Allocating services to nodes

Node allocation is a mechanism for ensuring that services only spawn on nodes that meet certain criteria. You might want services with high volume of disk I/O to only spawn on the nodes that have access to SSD drives, for example. To allocate a service to nodes, you need to specify nodes using name(s) and/or tag(s).

Allocating nodes using names

This will limit services to only use nodes that match specified names.

services:
  webapp:
    constraints:                    
      servers: 
        names:                      
        - "alpha"
        - "zeta"

This will ensure that the webapp service will only ever spawn on any nodes (servers) named alpha or zeta. These names are totally arbitrary and can be whatever you like.
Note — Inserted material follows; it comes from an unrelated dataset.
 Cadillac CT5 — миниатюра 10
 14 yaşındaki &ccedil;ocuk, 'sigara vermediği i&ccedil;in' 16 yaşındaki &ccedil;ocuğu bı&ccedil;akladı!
Kubernetes will still handle the scheduling as usual, and other constraints may also affect the outcome. For example if all the nodes named Alpha are over capacity, the service may only spawn on Zeta nodes.

Allocating nodes using tags

This will limit services to only use nodes that match (arbitrary) tags. To use this method, you first need to tag the node(s) in question using the format "key=value" (for example disk=large). Once you have tagged nodes according to your needs, you can allocate services to them like this:

services:
  webapp:
    constraints:                    
      servers: 
        tags:                       
        - "disk=large"

This will ensure that the webapp service will only spawn on nodes that are tagged with disk=large. Since the tags are arbitrary and do not reflect the underlying nature of a Node, it's critical to tag your nodes with great care. Setting everything to disk=large, for example, will defeat the point.

Allocating nodes using a combination of names and tags

You can use a combination of names and tags allocate your services to nodes. If you include both these criteria, this is interpreted as a logical AND. For example this:

services:
  webapp:
    constraints:                    
      servers: 
        names:                      
        - "alpha"
        - "zeta"      
        tags:                       
        - "priority=high"
        - "priority=medium"

...tells your service that it must spawn on nodes that are named alpha or zeta AND that are tagged priority=high or priority=medium. If, for example, a node is named Alpha but is tagged as low priority, the webapp service will not use that node.